### Directions:
For the records below, print the lines from the line with "Set Of Gold Heart Necklace & Earrings" through the line with "7208 Valencia Drive" exactly as written; include both end lines and exclude the rest.

### Exercise data:
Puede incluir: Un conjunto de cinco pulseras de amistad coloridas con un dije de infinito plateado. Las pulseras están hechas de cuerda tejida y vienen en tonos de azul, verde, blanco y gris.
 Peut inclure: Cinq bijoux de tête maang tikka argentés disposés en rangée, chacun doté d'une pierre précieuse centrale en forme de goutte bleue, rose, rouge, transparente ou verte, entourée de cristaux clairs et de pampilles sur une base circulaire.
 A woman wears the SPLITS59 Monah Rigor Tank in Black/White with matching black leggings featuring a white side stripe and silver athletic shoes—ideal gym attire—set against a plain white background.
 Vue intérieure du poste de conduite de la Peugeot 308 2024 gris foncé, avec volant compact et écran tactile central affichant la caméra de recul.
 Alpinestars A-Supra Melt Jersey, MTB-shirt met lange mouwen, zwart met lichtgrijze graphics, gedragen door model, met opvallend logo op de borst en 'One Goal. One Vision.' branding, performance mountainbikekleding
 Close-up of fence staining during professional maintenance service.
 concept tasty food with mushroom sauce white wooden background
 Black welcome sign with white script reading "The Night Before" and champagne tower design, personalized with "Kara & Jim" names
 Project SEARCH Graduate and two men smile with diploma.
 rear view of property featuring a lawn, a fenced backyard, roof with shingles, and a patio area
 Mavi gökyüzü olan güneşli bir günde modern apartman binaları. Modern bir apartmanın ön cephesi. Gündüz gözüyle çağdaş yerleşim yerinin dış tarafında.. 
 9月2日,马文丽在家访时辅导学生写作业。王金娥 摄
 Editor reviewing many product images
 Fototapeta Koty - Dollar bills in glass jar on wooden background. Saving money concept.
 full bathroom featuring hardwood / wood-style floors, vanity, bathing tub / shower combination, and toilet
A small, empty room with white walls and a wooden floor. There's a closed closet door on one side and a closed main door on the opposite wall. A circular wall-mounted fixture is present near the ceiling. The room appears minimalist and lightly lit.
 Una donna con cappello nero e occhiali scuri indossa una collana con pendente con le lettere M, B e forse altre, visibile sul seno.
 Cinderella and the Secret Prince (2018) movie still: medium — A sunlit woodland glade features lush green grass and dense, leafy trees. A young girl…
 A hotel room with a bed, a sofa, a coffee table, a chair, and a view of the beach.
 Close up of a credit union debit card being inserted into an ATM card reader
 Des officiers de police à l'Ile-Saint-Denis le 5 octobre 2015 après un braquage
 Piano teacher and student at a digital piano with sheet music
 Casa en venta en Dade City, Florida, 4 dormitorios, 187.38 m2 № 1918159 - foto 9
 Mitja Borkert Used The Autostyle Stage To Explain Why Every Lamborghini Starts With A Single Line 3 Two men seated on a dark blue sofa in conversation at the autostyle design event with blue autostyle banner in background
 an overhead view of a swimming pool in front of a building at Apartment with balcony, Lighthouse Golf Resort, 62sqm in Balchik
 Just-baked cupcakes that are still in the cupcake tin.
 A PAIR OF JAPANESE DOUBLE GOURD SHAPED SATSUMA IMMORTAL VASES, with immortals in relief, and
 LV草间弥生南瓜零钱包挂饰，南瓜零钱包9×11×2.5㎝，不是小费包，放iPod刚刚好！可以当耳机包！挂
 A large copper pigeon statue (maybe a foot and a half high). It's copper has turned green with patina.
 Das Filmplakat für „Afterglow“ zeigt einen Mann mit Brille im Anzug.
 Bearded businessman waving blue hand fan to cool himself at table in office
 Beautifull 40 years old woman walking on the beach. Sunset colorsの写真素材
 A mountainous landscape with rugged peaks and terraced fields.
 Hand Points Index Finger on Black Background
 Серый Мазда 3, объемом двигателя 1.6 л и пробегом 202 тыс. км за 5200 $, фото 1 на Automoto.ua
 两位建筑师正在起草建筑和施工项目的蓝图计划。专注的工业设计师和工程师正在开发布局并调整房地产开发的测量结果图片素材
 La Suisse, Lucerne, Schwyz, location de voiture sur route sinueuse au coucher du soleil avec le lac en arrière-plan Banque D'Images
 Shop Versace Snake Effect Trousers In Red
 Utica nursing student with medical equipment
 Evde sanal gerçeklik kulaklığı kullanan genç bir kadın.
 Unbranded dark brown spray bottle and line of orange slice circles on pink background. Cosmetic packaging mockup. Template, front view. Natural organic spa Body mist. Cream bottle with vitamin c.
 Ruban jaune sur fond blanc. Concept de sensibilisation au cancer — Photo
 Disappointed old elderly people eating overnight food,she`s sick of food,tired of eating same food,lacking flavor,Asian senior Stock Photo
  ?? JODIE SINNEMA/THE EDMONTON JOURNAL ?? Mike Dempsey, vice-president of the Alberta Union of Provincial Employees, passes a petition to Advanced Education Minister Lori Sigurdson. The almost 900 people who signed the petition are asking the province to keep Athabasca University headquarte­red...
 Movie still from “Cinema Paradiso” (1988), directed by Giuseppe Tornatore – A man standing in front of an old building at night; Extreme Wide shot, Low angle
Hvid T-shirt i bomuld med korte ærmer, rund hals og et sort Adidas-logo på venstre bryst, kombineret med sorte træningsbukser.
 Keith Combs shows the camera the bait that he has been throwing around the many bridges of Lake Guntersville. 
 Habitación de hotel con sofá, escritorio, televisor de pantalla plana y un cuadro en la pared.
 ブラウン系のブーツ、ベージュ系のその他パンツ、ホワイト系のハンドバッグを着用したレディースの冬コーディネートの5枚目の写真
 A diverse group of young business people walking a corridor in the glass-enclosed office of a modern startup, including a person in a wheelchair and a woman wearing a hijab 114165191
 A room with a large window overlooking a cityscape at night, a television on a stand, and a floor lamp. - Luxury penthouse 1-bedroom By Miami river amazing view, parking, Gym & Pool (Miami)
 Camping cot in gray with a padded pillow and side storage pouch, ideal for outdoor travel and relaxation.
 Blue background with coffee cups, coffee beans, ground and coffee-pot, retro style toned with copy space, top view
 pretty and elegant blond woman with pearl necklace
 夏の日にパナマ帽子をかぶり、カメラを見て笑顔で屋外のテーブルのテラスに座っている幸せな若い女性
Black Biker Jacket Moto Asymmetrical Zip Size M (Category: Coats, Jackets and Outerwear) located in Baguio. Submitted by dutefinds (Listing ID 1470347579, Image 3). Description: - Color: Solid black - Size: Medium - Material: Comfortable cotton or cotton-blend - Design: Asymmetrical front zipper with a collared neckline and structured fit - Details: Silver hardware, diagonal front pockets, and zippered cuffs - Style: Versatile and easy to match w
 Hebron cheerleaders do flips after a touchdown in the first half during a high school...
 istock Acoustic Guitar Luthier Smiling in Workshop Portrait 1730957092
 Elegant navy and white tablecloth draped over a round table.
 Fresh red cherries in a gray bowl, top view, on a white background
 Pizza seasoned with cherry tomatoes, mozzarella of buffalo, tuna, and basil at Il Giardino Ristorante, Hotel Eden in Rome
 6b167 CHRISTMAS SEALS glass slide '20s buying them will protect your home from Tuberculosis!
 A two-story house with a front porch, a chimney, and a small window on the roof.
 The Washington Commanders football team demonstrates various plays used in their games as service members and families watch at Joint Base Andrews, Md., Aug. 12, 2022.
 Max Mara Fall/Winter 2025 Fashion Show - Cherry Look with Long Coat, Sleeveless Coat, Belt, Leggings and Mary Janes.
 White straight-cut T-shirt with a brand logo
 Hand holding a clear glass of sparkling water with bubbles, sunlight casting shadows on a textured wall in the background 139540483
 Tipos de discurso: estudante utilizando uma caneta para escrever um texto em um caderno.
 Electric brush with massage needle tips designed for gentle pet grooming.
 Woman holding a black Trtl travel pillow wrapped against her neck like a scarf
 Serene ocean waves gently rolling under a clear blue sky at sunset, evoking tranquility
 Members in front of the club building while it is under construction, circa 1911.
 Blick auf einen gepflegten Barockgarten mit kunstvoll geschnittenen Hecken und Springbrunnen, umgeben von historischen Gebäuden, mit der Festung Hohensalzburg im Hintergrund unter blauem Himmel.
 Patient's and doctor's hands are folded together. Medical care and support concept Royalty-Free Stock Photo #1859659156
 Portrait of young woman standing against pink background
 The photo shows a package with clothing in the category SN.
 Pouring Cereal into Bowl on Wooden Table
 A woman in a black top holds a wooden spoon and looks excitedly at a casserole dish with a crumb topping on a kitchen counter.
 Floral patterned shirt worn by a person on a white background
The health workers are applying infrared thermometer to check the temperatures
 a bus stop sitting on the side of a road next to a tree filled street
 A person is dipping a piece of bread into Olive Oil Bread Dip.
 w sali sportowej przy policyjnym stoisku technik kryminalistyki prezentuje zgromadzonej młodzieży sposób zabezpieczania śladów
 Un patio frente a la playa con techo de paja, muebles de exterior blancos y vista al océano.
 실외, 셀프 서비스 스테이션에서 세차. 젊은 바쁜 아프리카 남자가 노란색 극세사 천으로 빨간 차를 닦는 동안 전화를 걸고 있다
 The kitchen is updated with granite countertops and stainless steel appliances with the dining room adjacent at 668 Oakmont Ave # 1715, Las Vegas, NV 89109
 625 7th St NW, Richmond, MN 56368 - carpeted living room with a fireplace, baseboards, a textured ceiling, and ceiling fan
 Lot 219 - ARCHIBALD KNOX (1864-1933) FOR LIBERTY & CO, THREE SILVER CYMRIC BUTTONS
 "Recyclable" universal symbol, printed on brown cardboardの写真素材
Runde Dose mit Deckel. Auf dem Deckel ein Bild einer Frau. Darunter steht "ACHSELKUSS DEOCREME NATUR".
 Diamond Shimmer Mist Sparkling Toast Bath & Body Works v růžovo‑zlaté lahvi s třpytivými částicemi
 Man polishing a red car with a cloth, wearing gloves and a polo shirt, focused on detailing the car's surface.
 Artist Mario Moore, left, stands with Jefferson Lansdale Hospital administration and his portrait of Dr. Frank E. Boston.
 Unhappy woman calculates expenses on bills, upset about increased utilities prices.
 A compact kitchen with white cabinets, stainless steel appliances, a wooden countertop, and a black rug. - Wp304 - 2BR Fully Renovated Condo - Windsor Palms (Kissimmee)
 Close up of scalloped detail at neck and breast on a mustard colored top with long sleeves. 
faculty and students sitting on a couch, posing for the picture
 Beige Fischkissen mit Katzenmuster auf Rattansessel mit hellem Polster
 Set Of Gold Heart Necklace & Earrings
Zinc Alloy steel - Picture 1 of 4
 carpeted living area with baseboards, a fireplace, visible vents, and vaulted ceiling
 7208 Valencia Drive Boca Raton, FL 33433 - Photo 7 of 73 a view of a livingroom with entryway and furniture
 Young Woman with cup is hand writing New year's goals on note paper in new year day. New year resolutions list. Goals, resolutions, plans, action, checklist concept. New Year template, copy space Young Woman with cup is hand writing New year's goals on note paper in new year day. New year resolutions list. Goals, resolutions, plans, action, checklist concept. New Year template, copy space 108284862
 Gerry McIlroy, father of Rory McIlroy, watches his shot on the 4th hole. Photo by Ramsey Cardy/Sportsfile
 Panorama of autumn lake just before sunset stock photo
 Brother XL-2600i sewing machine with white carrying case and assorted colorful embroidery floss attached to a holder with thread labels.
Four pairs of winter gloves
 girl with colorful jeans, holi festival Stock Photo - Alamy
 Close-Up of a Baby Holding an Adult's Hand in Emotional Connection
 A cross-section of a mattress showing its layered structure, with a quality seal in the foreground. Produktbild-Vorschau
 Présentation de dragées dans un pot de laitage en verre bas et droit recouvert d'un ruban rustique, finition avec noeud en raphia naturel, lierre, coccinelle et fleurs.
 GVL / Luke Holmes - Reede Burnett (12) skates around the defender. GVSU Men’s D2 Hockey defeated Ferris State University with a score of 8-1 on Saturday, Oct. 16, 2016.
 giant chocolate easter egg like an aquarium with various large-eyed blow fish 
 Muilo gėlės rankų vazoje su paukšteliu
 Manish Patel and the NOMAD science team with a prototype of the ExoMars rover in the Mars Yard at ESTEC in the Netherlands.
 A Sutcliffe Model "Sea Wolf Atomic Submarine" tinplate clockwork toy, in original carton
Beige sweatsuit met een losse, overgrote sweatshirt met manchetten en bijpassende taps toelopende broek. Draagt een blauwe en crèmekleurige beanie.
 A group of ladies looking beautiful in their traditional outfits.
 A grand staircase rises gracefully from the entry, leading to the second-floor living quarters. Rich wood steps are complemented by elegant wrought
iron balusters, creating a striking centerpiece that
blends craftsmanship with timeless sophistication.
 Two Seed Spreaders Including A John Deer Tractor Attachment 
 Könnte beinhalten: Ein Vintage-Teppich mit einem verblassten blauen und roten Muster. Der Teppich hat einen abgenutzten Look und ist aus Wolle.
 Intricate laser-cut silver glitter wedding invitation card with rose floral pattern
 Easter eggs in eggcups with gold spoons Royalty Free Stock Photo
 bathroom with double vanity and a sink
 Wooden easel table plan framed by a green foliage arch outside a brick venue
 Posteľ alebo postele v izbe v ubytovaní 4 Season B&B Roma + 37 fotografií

### Output of the exercise:
 Set Of Gold Heart Necklace & Earrings
Zinc Alloy steel - Picture 1 of 4
 carpeted living area with baseboards, a fireplace, visible vents, and vaulted ceiling
 7208 Valencia Drive Boca Raton, FL 33433 - Photo 7 of 73 a view of a livingroom with entryway and furniture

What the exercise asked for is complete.